Expression dynamics of metalloproteinases during mandibular bone formation: association with Myb transcription factor

Abstract

As the dentition forms and becomes functional, the alveolar bone is remodelled. Metalloproteinases are known to contribute to this process, but new regulators are emerging and their contextualization is challenging. This applies to Myb, a transcription factor recently reported to be involved in bone development and regeneration. The regulatory effect of Myb on Mmps expression has mostly been investigated in tumorigenesis, where Myb impacted the expression of Mmp1, Mmp2, Mmp7, and Mmp9. The aim of this investigation was to evaluate the regulatory influence of the Myb on Mmps gene expression, impacting osteogenesis and mandibular bone formation. For that purpose, knock-out mouse model was used. Gene expression of bone-related Mmps and the key osteoblastic transcription factors Runx2 and Sp7 was analysed in Myb knock-out mice mandibles at the survival limit. Out of the metalloproteinases under study, Mmp13 was significantly downregulated.
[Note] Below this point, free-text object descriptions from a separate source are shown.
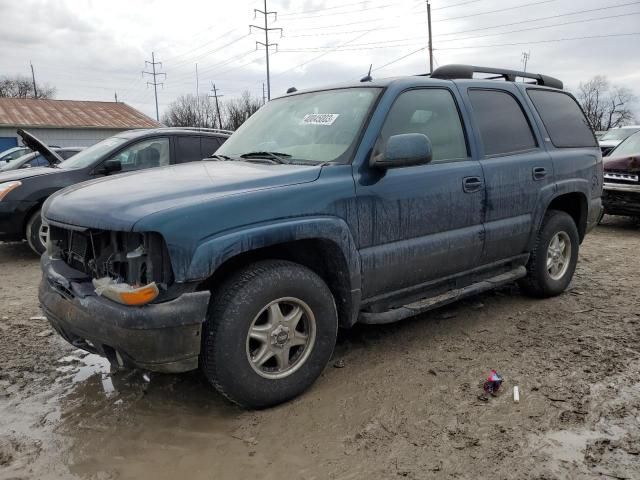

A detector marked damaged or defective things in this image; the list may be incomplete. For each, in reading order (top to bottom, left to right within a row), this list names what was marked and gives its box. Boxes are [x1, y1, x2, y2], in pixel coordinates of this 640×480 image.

crumpled hood [0, 166, 57, 183]
crumpled hood [604, 155, 640, 173]
exposed headlight housing [0, 181, 21, 202]
crumpled hood [43, 159, 320, 231]
damaged front end [39, 224, 210, 372] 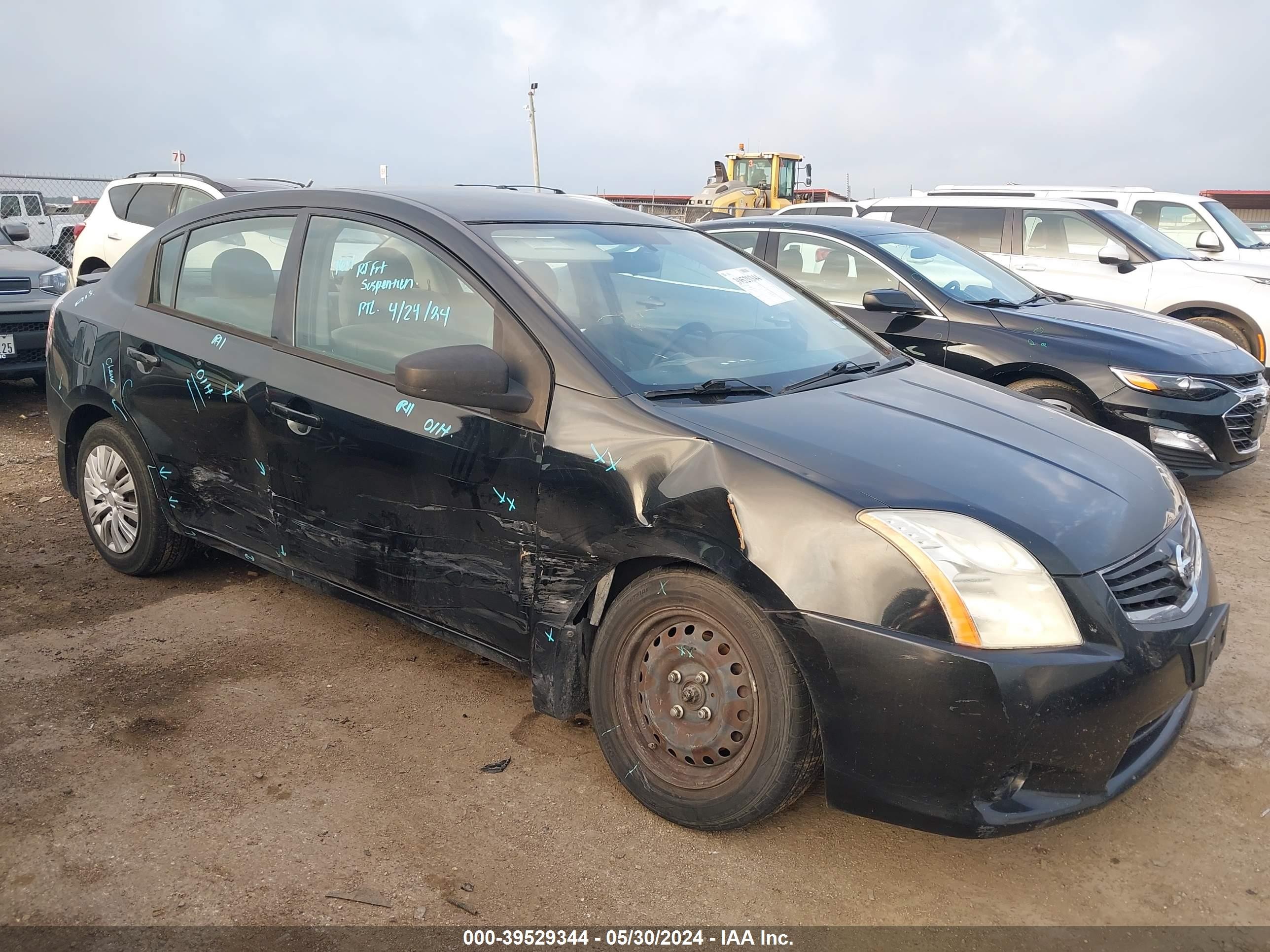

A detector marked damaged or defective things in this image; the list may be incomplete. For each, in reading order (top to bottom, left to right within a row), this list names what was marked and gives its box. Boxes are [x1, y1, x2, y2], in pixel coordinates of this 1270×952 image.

rusty steel wheel [619, 611, 757, 788]
rusty steel wheel [588, 568, 820, 828] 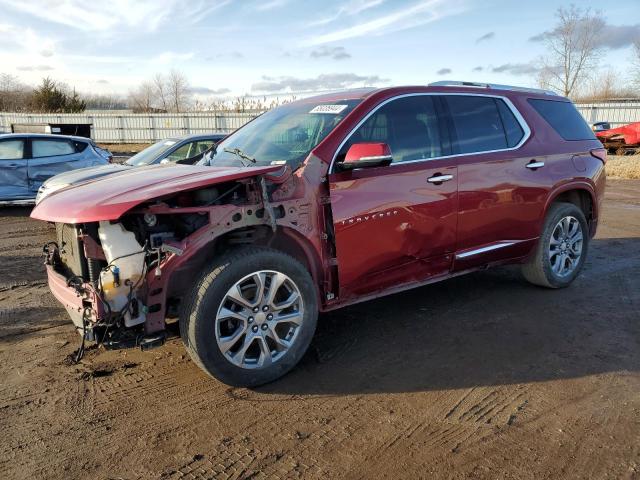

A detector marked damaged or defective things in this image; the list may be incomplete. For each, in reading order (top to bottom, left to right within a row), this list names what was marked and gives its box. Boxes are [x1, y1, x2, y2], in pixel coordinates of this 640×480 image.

damaged chevrolet traverse [32, 82, 608, 386]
The impact of Myb on the expression of Mmp13 was confirmed by the overexpression of Myb in calvarial-derived cells causing upregulation of Mmp13. Expression of Mmp13 in the context of other Mmps during mandibular/alveolar bone development was followed in vivo along with Myb, Sp7 and Runx2. The most significant changes were observed in the expression of Mmp9 and Mmp13. These MMPs and MYB were further localized in situ by immunohistochemistry and were identified in pre/osteoblastic cells as well as in pre/osteocytes. In conclusion, these results provide a comprehensive insight into the expression dynamics of bone related Mmps during mandibular/alveolar bone formation and point to Myb as another potential regulator of Mmp13.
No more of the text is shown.